Posted by Stephen Leather on Mar 2, 2013 in In The Press | Comments Off on Stephen Leather Featured In The Guardian – February 2011
Original story from The Guardian, February 26, 2011
Self-publishing has traditionally been a surefire route to obscurity and dismal sales. Now a British thriller writer who sells his novels as ebooks for as little as 70p is proving the naysayers wrong.
Not only does Stephen Leather, Britain’s leading “independent” writer, estimate he has occupied the number one spot on Amazon.co.uk’s Kindle ebook bestseller lists for “90% of the last three months”, he is also selling “somewhere in the region” of 2,000 ebooks a day – and making big profits in the process.
Leather, who celebrated his seventh consecutive week at the top of the Amazon chart with his novella The Basement, about a serial killer in New York, also occupies fourth place with Hard Landing, another thriller, and 11th place with Once Bitten, a vampire novel.
He is one of many authors increasingly turning to ebooks as an alternative way to the top. Capitalising on the popularity of e-readers such as the Kindle, a new generation of writers is bypassing agents and publishers and using the flexible pricing model of ebooks to offer their work directly to the public at rock-bottom prices. Some, like Leather, are achieving huge sales, which, not surprisingly, is striking fear into publishers.

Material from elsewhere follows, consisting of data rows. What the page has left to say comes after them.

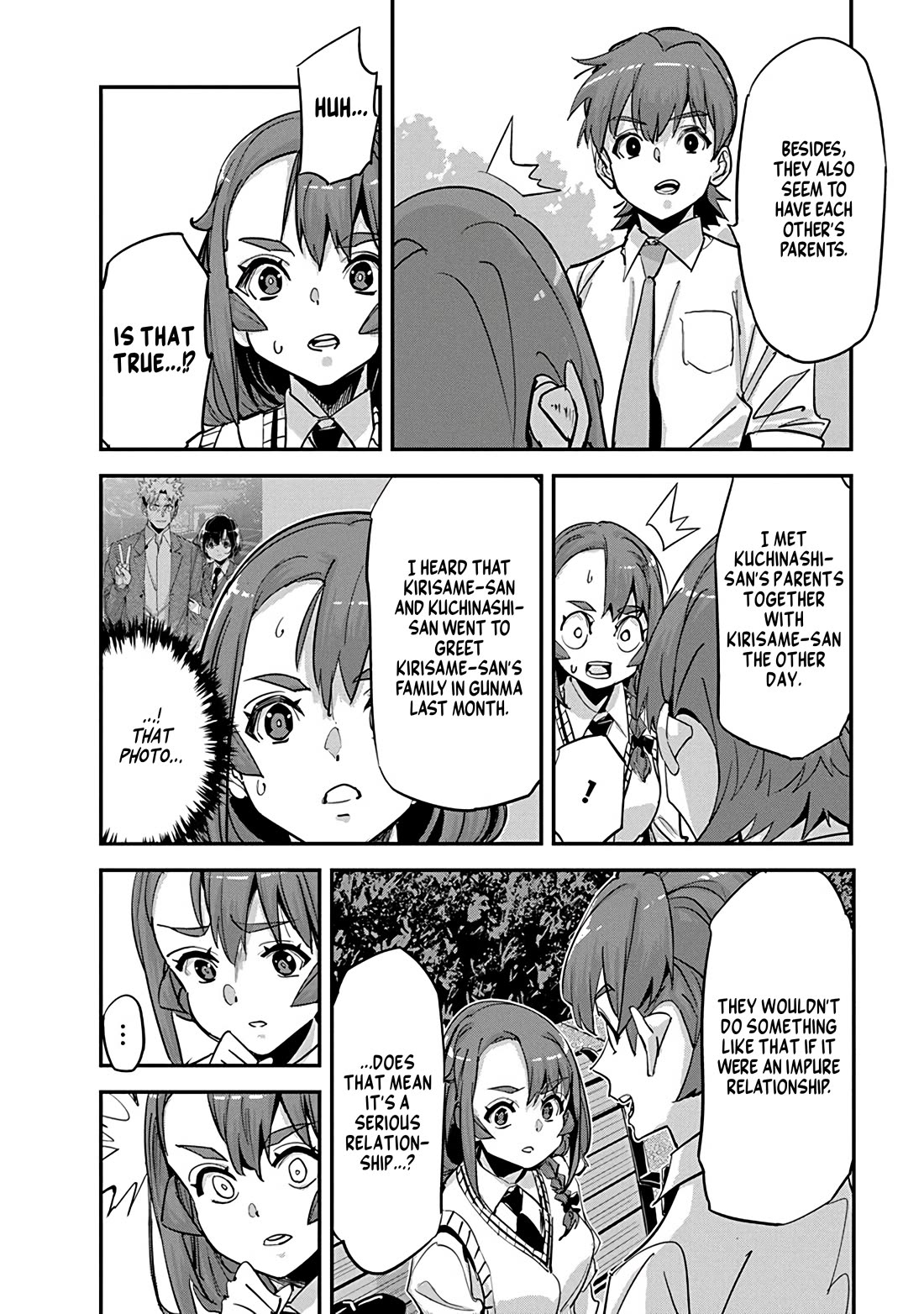 A Pen, Cuffs, & a De Fact-o Marriage chapter 33 page 10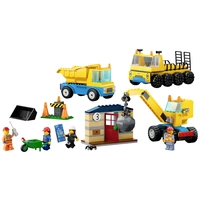 60391 LEGO® CITY Baufahrzeuge und Kran mit Abrissbirne 60391 LEGO® CITY Baufahrzeuge und Kran mit Abrissbirne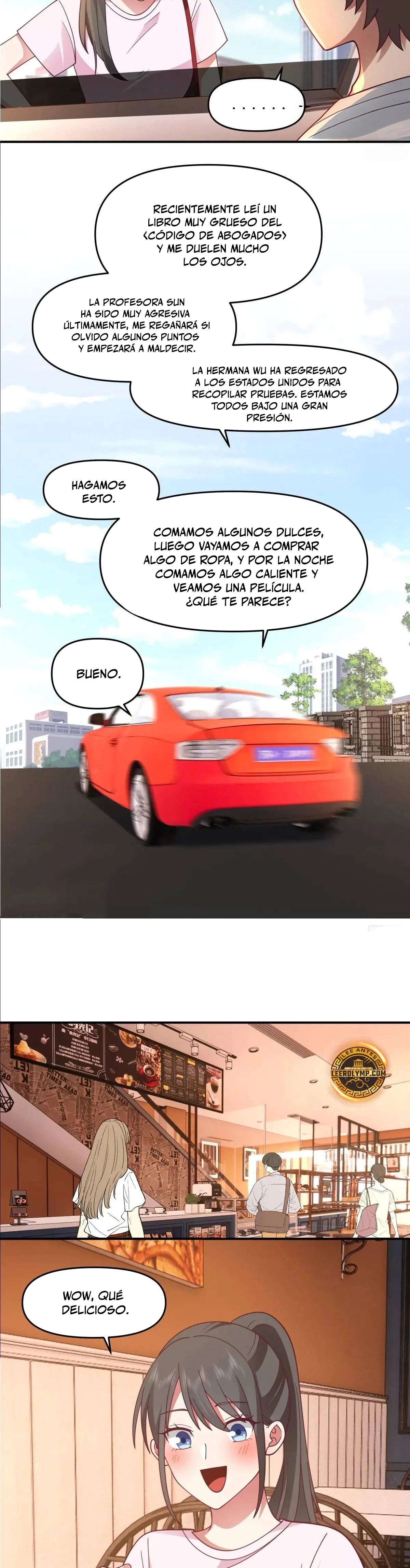 Realmente no quiero renacer capítulo 327 página 5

Leather enjoys a successful parallel career writing “big international thrillers” for Hodder & Stoughton. But last August, when Amazon.co.uk opened its Kindle store, he saw an opportunity: “I was lucky, in that I had three novellas Hodder had turned down because they were in a different genre from my other books and too short to work as conventional paperbacks. But I realised they might work for the Kindle.”